Magazine de Escrita Criativa

Memórias - Ano 2150


Lembro-me bem da Primavera… Lembro-me dos meus dias de juventude, em que passeava pelo parque e sentia uma brisa refrescante a acariciar-me as faces. Ao longe, via os bosques a ganharem vida. Então, eu mergulhava na sombra das árvores crivadas de Sol, enquanto observava as flores a desprenderem-se e a caírem como uma chuva de borboletas. Um intenso mar de aromas inflava as narinas e escutava-se o doce chilrear dos pássaros. Olhando para o azul infinito do céu, as andorinhas chegavam depois de uma longa jornada…
Nesse tempo tudo era belo, eu era jovem e não me cansava de contemplar a beleza do mundo.
Mas, os meus fortes cabelos negros tornaram-se finos cabelos brancos, as minhas pernas cambaleantes já não são o que eram. Todo eu estou coberto de um manto de rugas. Sou apenas um velho solitário que vagueia por aí sem certezas, neste longo caminho que é a vida.
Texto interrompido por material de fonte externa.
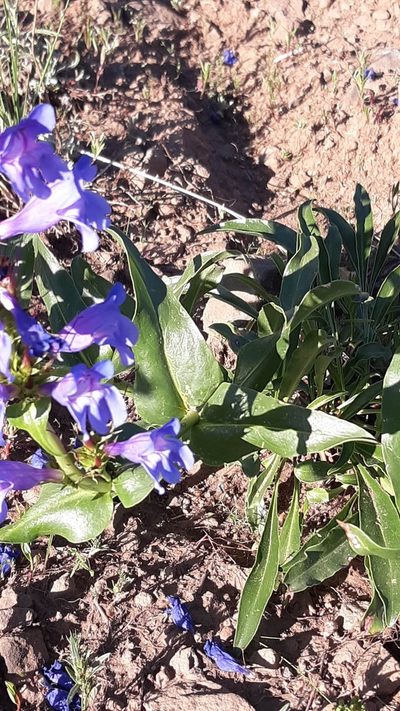 Penstemon pennellianus, photographed by Joshua Morris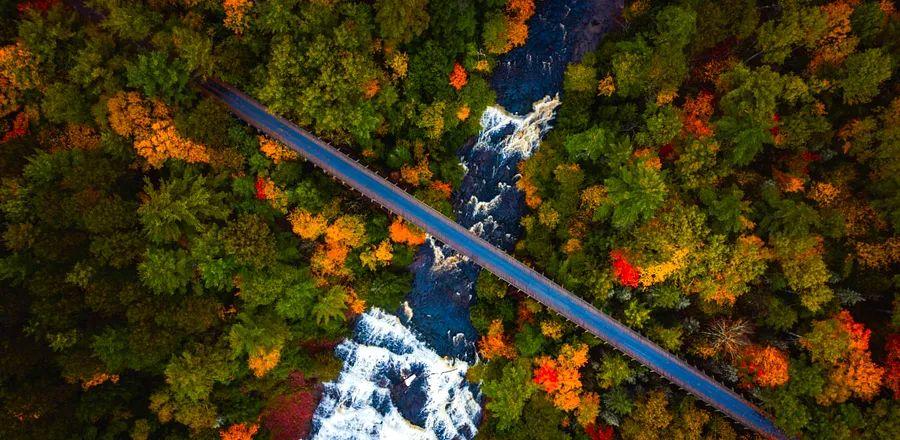 Cover Image for Experience Michigan's Stunning Landscapes from an Electric Off-Road Vehicle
Há muito tempo que o céu azul foi apoderado de uma escuridão constante... Agora, raramente se vê o Sol. Todavia a temperatura subiu bastante nestas últimas décadas. Tudo começou com a ganância e o egoísmo das pessoas. A guerra pelo petróleo destruiu países inteiros e mortíferas epidemias têm devastado o mundo. A vida tornou-se impossível, a pobreza aumentou e já não há crianças. Árvores, arbustos, flores… nada sobrevive. A tecnologia avançou muito, mas de que nos serve isso se o mundo está moribundo? A população diminuiu drasticamente. Dizem que restam cerca de dois mil milhões de seres humanos neste planeta hostil.
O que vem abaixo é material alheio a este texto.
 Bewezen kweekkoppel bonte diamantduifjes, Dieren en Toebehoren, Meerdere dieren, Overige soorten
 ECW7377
A minha família foi levada por uma terrível epidemia e agora não me resta mais nada a não ser as minhas memórias… as minhas memórias dos tempos em que havia Primavera… Já não há uma estação do ano, propriamente. Está um enorme e abafado calor por toda a parte, tanto chove como ficamos a secar e a chuva, quando cai, é cada vez mais ácida e venenosa.
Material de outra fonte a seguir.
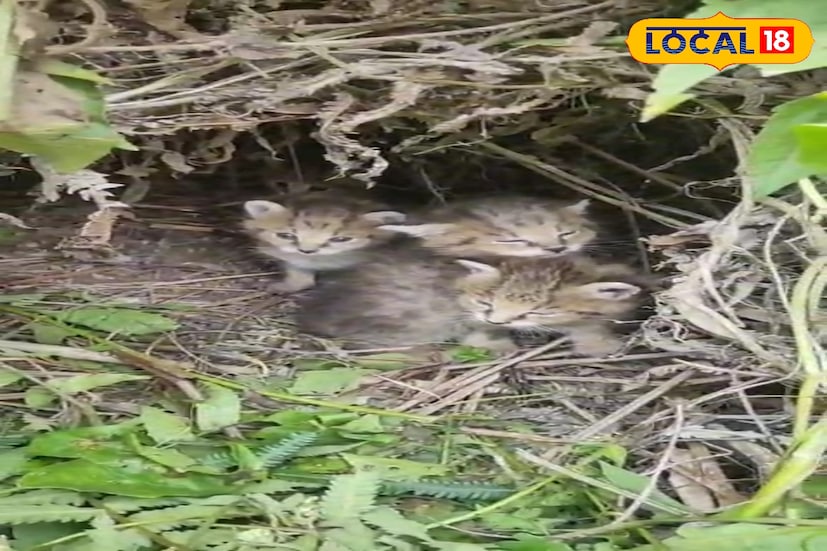 এর মাঝারি লম্বা এবং গোলাকার কানের পিছনের অংশ কালো এবং মাঝখানে সাদা দাগ রয়েছে। শরীর এবং অঙ্গ-প্রত্যঙ্গ বিভিন্ন আকার এবং রঙের কালো দাগ দ্বারা চিহ্নিত। এর পিছনে দুই থেকে চার সারি লম্বা দাগ রয়েছে। লেজটি তার মাথা-দেহের দৈর্ঘ্যের প্রায় অর্ধেক আকারের এবং কালো ডগার কাছে কয়েকটি অস্পষ্ট বলয় দিয়ে চিহ্নিত।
Tentei lutar contra a possibilidade de um mundo assim, mas a única coisa que consegui foi um internato neste asilo. Dantes era religioso, acreditava que talvez Deus ouvisse as minhas preces e nos livrasse deste inferno. As coisas pioraram e a minha fé estatelou-se. Recentemente, extraterrestres vieram em missão de paz, mas tornaram-se nossos inimigos mortais devido à nossa terrível hospitalidade. Ninguém está feliz e a taxa de suicídios tem aumentado monstruosamente. Não sinto vontade de acabar com a minha vida. Apesar de tudo, ainda me restam as memórias da Primavera, das rapsódias coloridas, dos cheiros e das formas dos jardins, da alegria e a da paixão, dos sorrisos das crianças que se misturam com as metamorfoses dos tempos passados!